The Dream of Saint Romuald (Cutting from an Antiphonary or a Gradual)
Medieval (Late Gothic)/early Renaissance
Attributed to Belbello da Pavia
Place of Manufacture: possibly Venice, Northern Italy
Overall: 21 x 13.5 cm (8 1/4 x 5 5/16 in.)
Medium or Technique
Tempera, ink and gold leaf on parchment
Not On View
A cutting from an antiphonary or gradual choirbook (both book types containing songs for the Divine Office or Mass), with four partial staves on verso. Heightened square neumes on a four-line red staff, no clefs extant. Written in a Rotunda script in black ink with text in Latin. Historiated initial (probably [O]), the Dream of St. Romuald (founder of the ascetic Camaldolese monastic order in the late tenth century): while seeking a site on which to build his new abbey (so the legend was recorded in the Vita Beati Romualdi by Peter Damian), Romuald dreamed of a ladder connecting heaven and earth on which ascended and descended men in white robes. In this miniature, the white-robed Romuald is shown sleeping in a kneeling position and resting his head against a white-draped altar. He is surrounded by similarly clothed Camaldolese monks, apparently part of his vision, some of whom are at prayer while others gaze at the ladder to heaven in the background. Contrary to the vision as recorded by Peter Damian, in this depiction angels, not white-robed men, fill the ladder, perhaps a conflation of the legend with Jacob’s dream. Gold leaf background.

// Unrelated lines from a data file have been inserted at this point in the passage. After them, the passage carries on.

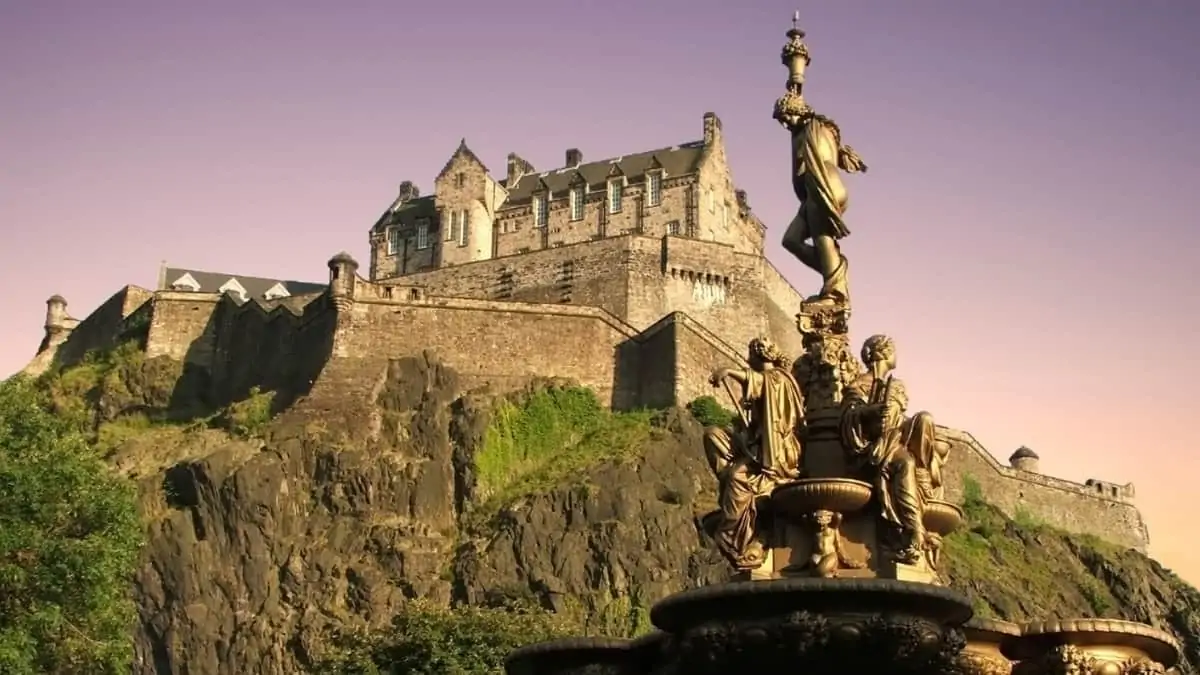 edinburgh castle self guided tour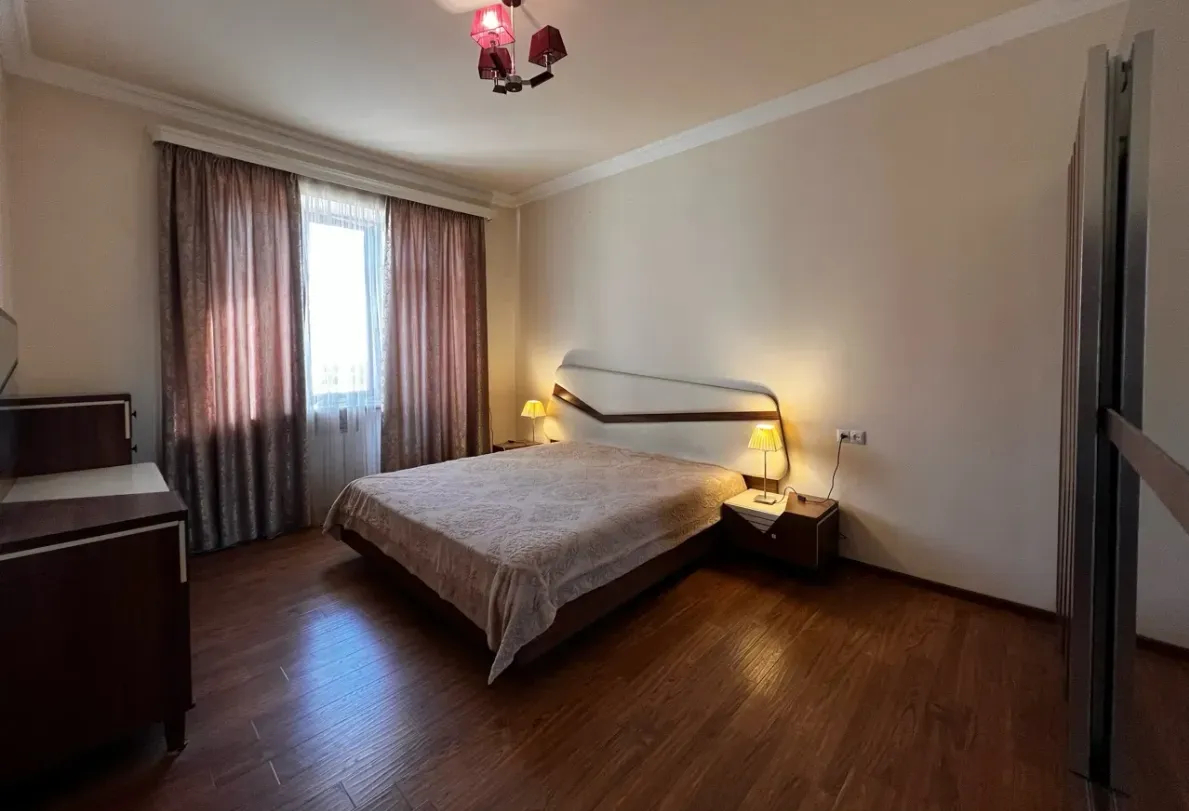3 bedroom apartment for sale Argishti St, Center Yerevan, 161831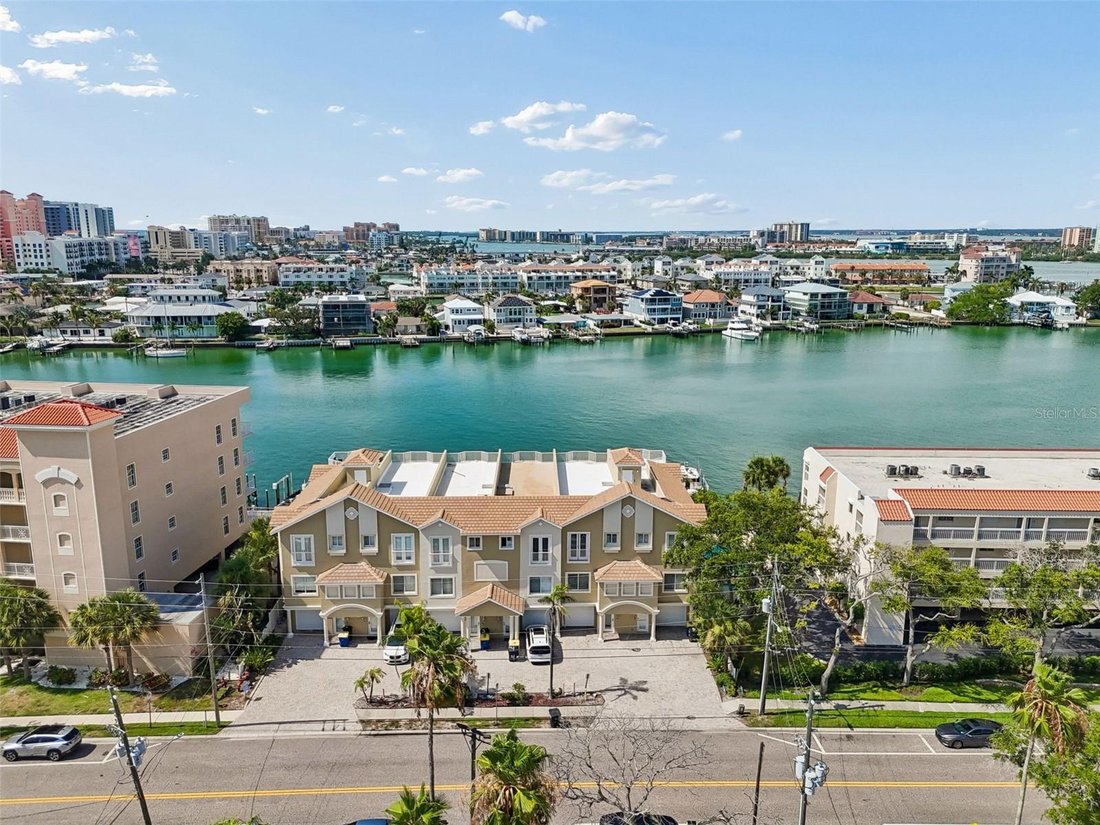 Townhouse in Clearwater, Florida, United States 2 - 18395007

About 1955/1961, the estate of Jacob Hirsch (dealer; b. 1874 - d. 1955), New York [see note 1]. Probably Frederick A. Stern (dealer), New York [see note 2]. 1967, Julius Böhler, Munich; 1967, sold by Böhler to John Goelet, New York; 1973, gift of John Goelet to the MFA. (Accession Date: January 9, 1974)
 Millard Meiss, "An Early Lombard Altarpiece," Arte Antica e Moderna, 13 (1961): 132, n. 28 and pl. 46b.  According to Serena Padovani, "Pittori della corte estense nel primo Quattrocento," Paragone 26 (1975): 48, n. 28, this belonged to "F. Stern" of New York, presumably the dealer Frederick Stern. At the time of publication, Padovani was unaware that the miniature was owned by the MFA.